Claro que sí, el olivo del abuelo es “sagrado” y como tal intocable. Hasta tal punto es así, que no cesa en su empeño de  recuperar el árbol, a costa de lo que sea. Ese “a costa de lo que sea”,  no es ni más ni menos que usar el camión de un tercero, para lanzarse a la carretera y recorrer Europa, con la convicción irracional de que conseguiría retornar a casa con el olivo.  A esto le llamo yo ser una persona de “principios”, encomiable por un lado, claro que sí, pero  peligroso y poco humano, por otro. Porque, ¿se paró Alma a pensar un momento en qué “fregao” estaba metiendo a su tío y a su amigo? ¿Se puso en la piel de alguno de ellos, antes de embarcarlos en la estúpida aventura? ¿Pensó en las posibilidades reales de lo que intentaba realizar?

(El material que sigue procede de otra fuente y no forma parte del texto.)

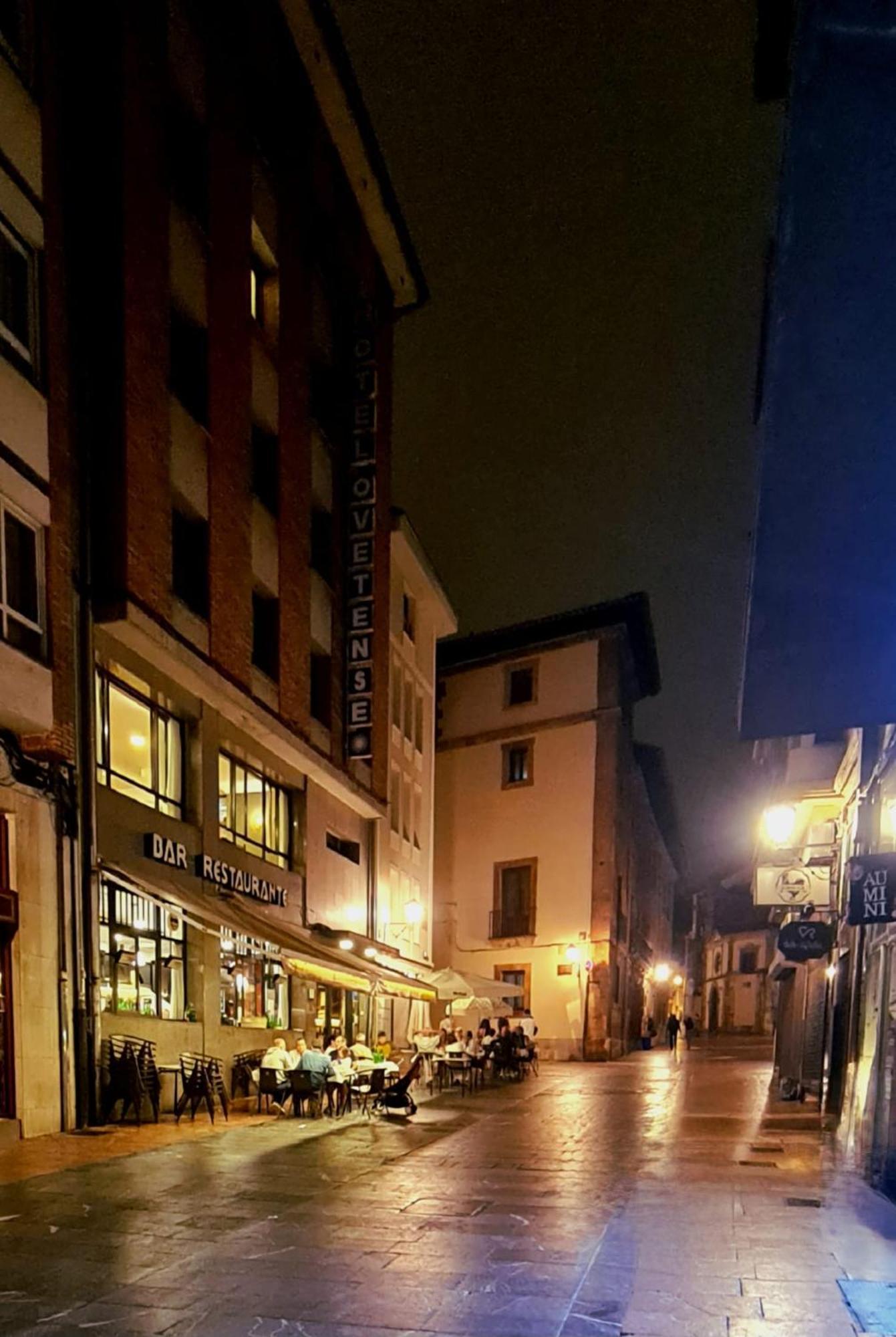 Apartamento Atico De Diseno En El Centro Oviedo Exterior foto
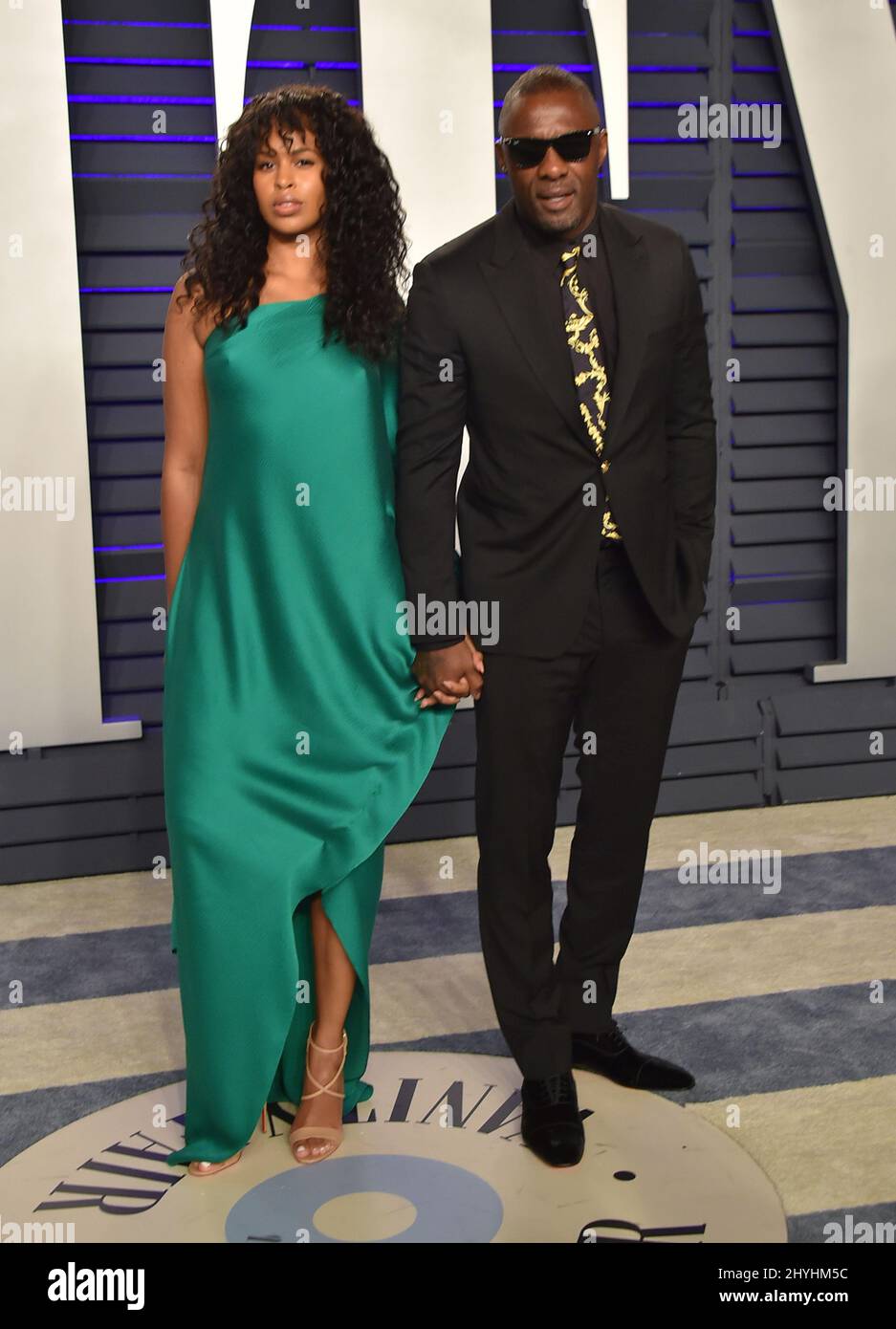 Idris Elba et Sabrina Dhowre participant à la Vanity Fair Oscar Party de 2019 qui s'est tenue au Wallis Annenberg Center for the Performing Arts à Beverly Hills, en Californie Banque D'Images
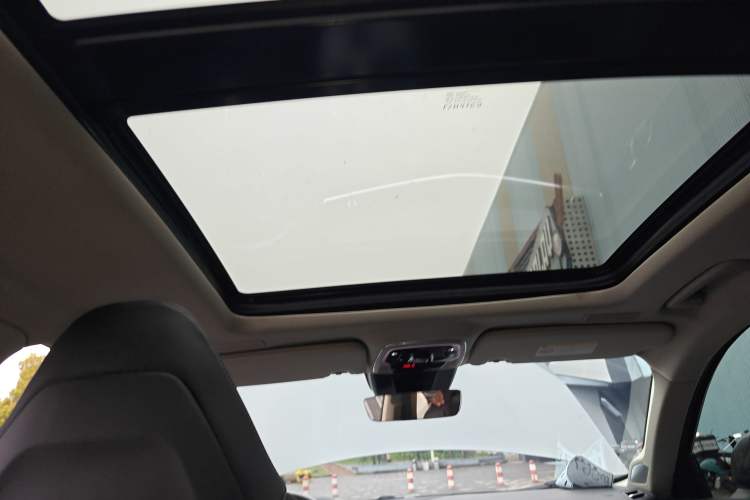 Used Lynk & Co 01 2021 2.0TD Two-Wheel-Drive Pro Trim Headliner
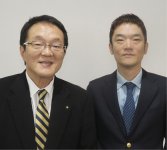 会長の向井新さん（左）と社長の新将さん。「むか新を千年続く企業にしようという夢を掲げています」（向井会長）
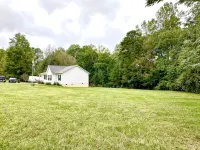 Pet Friendly Home 2 minutes from Lake Norman State Park 3BR/2BA - 4-Star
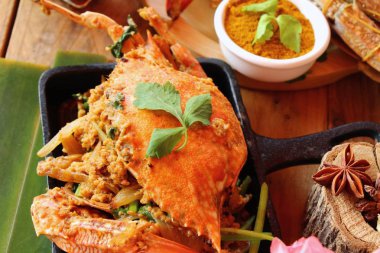 Fried Yengeç toz köri ile lezzetlidir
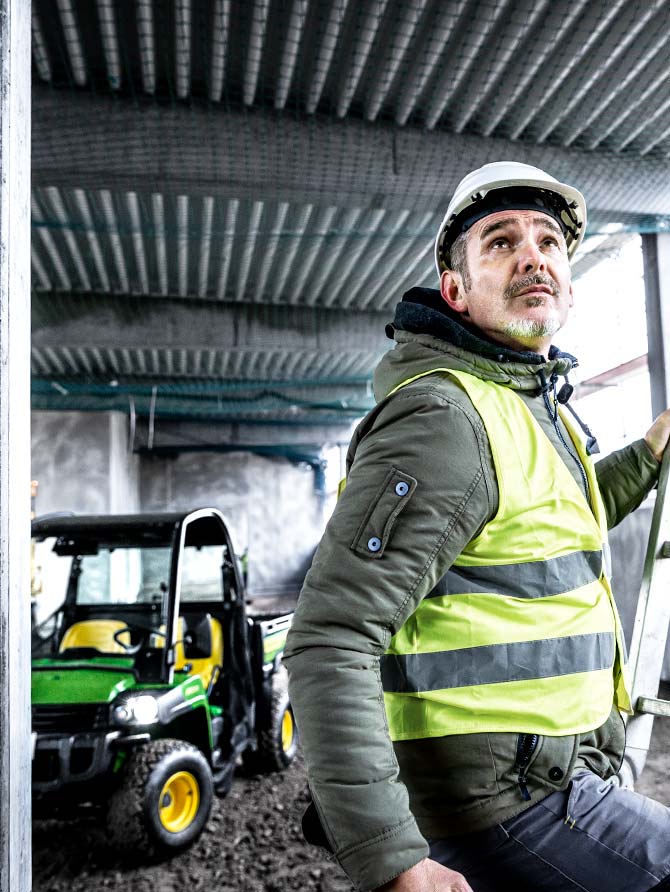 l’ingénieur regarde vers son chantier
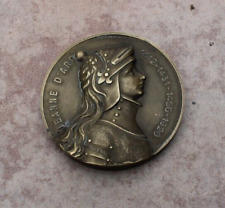 médaille  jeanne d arc 1920 ville de paris . signée a. j  Corbièrre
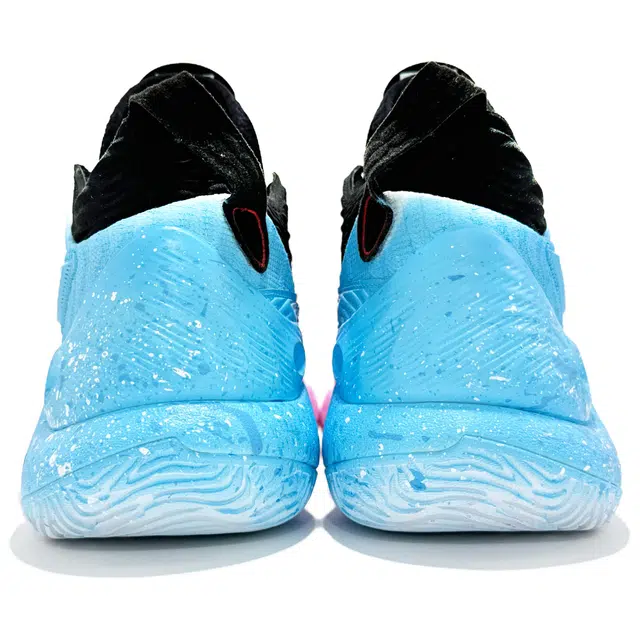 LiNing 18 TPU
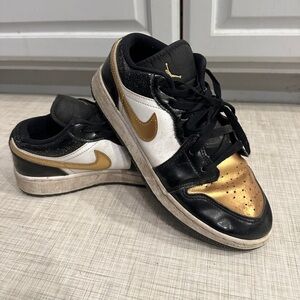Nike air Jordan low SE gold sneaker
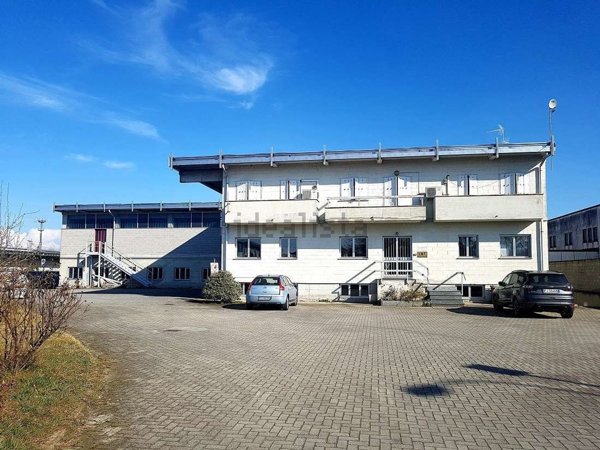 capannone in vendita a Cilavegna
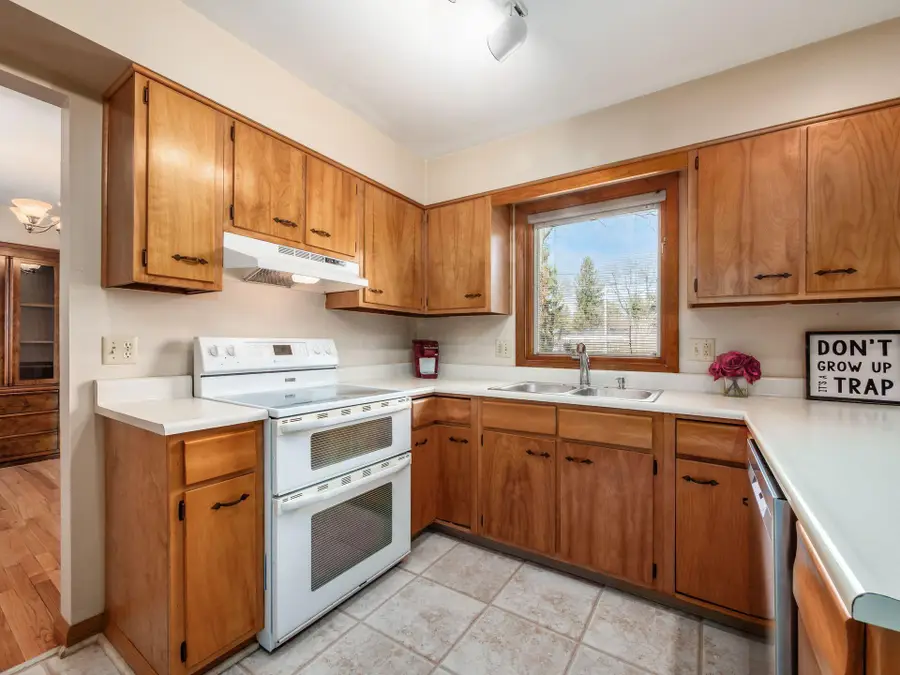 876 Middlebury Drive N, Worthington, OH 43085 - #2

Los principios están muy bien, pero, al llevarlo a cabo, a menudo, chocan o pueden chocar con valores también muy importantes y siempre, siempre, hay que medir las consecuencias, sobre todo si éstas perjudicarán a un tercero. En este caso, Alma llevó a sus acompañantes engañados. Escondió la verdad para conseguir su propósito. Forzó a su amigo a tomar y usar un camión sin permiso de su dueño, que, para más inri, era la persona que le daba trabajo. Sí, ya sabemos que el muchacho y el tío decidieron por sí mismos acompañarla en su aventura. Eran adultos y responsables, pero sufrieron la manipulación emocional de ella. Ambos la querían demasiado, quizás eso los justifica.
Ahí Iciar Bollain no me convence. Siempre quedan bien esas frases grandilocuentes de manual de autoayuda, como la que pone en boca de uno de los personajes. Más o menos viene a decir que, a veces, si quieres conseguir algo, te tienes que lanzar. O sea, que incluso cuando caemos en la irracionalidad con tal de conseguir un deseo, un sueño, o incluso llevar al límite nuestras razones, está justificado lanzarse.  Pero bueno, si lo que ha querido hacer Iciar es una fábula moderna, no tengo nada que decir.
Mis reflexiones tienen otra mirada más realista al tema central de la película. Y por eso quiero señalar un detalle que, por algo está en el personaje de Alma. Me refiero a lo de arrancarse mechones de pelo. Está claro que es un trastorno de tipo obsesivo compulsivo. Según parece, lo realizan algunas personas que tienen dificultad para controlar sus impulsos. Es algo incontrolable, como puede ser morderse las uñas, claro que en este caso se causan dolor y con ello sienten un alivio a su estado de alteración nerviosa. Evidentemente, la joven tiene problemas psicológicos que van más allá de ser nerviosa.  ¿Qué ha querido decir Iciar con este detalle en la personalidad de Alma? ¿Quizás que hay que en esta vida hay que estar un poco “loco” para realizar actos más o menos heroicos?  Es una duda que me ha quedado. 
Maravilloso el trabajo que realiza el actor que hace de viejo: Manuel Cucala, pero también la joven Anna Castillo, la protagonista, que nos ofrece momentos llenos de sensibilidad y emoción, y otros en los que destila rabia, y también alegría… Una actriz que va a dar mucho en los próximos años, casi seguro. Javier Gutiérrez, impecable, como siempre.  En definitiva, todos están estupendos y creíbles, en esta increíble historia.